Gujrathi had the white pieces in the third round and opened with his favourite queen’s pawn opening. Shankland responded with the Slav Defence and came out with a decent position out of the opening. However, although the position looked all right for Shankland, Gujrathi had acquired some trumps out of the opening. For starters, he was the one enjoying extra space and more importantly, he had the bishop pair against his opponent’s two knights. In addition to this, Gujrathi's queen strongly controlled the a-file, practically, the only open file on the board. So even though the position was just "equal" in the eyes of the computers, Shankland clearly wasn’t having an easy time.
Under pressure, the American grandmaster made an inaccuracy on his 29th move. This allowed Gujrathi to manoeuvre his dark-squared bishop around to the d6 square, a post from which it not only pinned the black knight to the king but, in coordination with the white queen, also generated some strong threats on the enemy monarch. Shankland fought tooth and nail to hold his position together over the next few moves but the cramped position he was in was getting worse by every move.
On the 46th turn, Shankland cracked again and allowed Gujrathi to win two pawns and even liquidate into a queen endgame. At this point, the position had just gone out of hand for black. Gujrathi did not finish in the cleanest possible manner but his play was still good enough to bring home the bacon.
The other games of the day were no less exciting. While two games finished decisively, Vladimir Fedoseev survived what was nothing short of a miracle.
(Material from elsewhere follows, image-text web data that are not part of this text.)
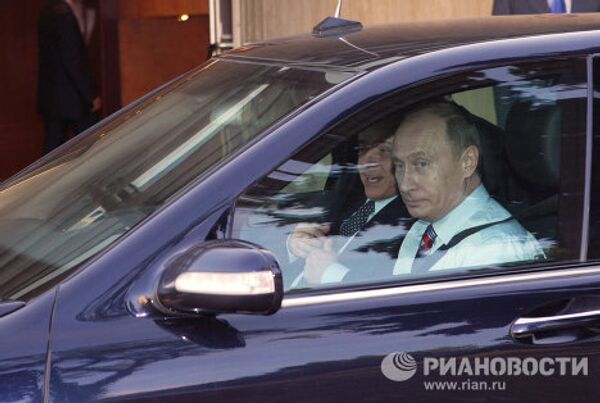 Vladímir Putin tras el volante de Ë-Mobile y de otros coches - Sputnik Mundo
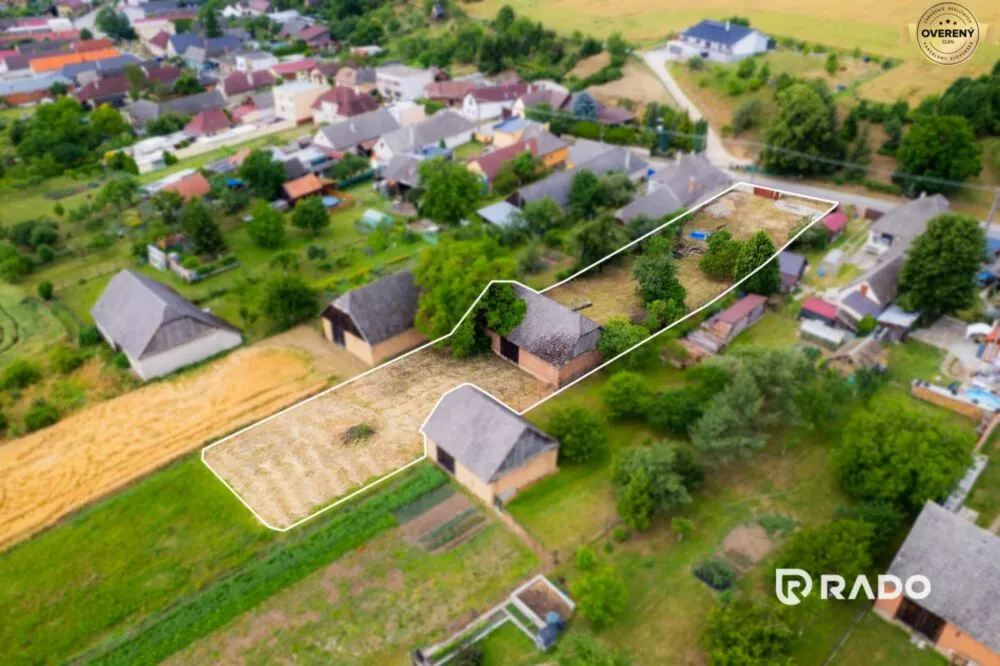 Pozemok pre rod. domy na predaj 2022m2, Velčice, 159408_0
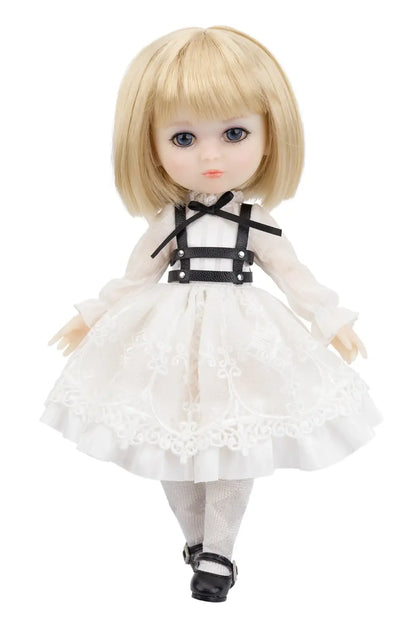 Luna Lily on Classic Fusion Outfit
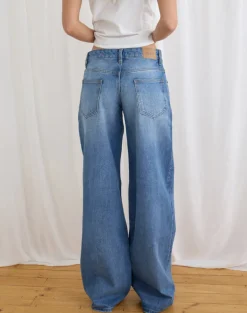 Low Rise Roomy Jeans in Fade Blue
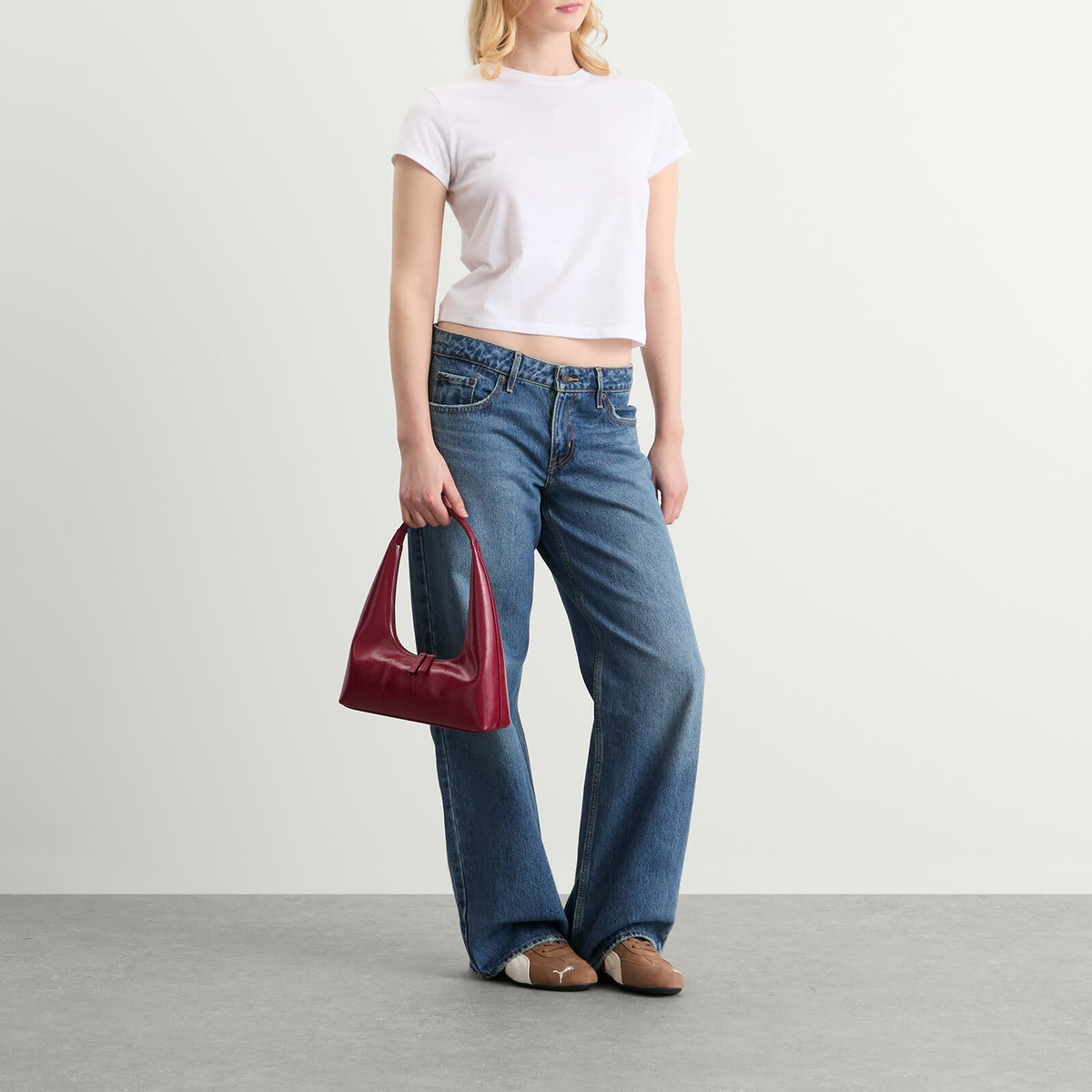 Levi's Women's Low Waisted Loose Jeans in Rescued City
Out of a Semi Slav, Duda had gone all guns blazing at his opponent from the word go. Flinging his kingside pawns forward early in the game, Duda generated a very strong kingside attack right out of the opening. Sacrificing a whole rook, he had almost caught Fedoseev's king in a mating net. Had it not been for a timely queen sacrifice by the Russian grandmaster, his king would have been doomed to death. And even the endgame Fedoseev had bailed out into did not seem to be very promising. Duda had a strong outside passed pawn along with a knight and queen against his opponent's two rooks and a bishop. But despite all of his advantages, Duda was unable to break through his opponent's ironclad defence in this endgame. After trying for more than five hours, the Polish GM decided to sign the truce.
The all-China battle between Wei Yi and Yu Yangyi resolved in a surprise win for the latter. Yu Yangyi had essayed the Petroff Defence with the black pieces, an opening he had side-stepped in the previous round against Bu Xiangzhi. The position had remained equal all through the game. Wei had an extra pawn in the game but his crooked pawn structure rendered the position equal. But Wei faltered quite extraordinarily on his 35th move and lost two back to back pawns. Just five moves later, he decided to throw in the towel.
Things had gone badly wrong for the Vietnamese No 1, GM Le Quang Liem, in his game against the tournament leader, Bu Xiangzhi. With the black pieces, the Vietnamese grandmaster placed his knight on the rim on his seventh turn in a Symmetrical English and went on to shred a pawn, a few moves later. This was followed by a queen exchange and after a few minor skirmishes, Bu succeeded in converting the game without much discomfort.
With this win, Bu has taken sole lead in the tournament with a score of 2.5/3. Jan-Krzysztof Duda is half a point behind at 2.0/3 while Vidit Gujrathi, along with Vladimir Fedoseev and Yu Yangyi share the third place with a score of 1.5/3. Another pack of three consisting of Sam Shankland, Le Quang Liem and Wei Yi share the bottom-most spot at 1.0/3.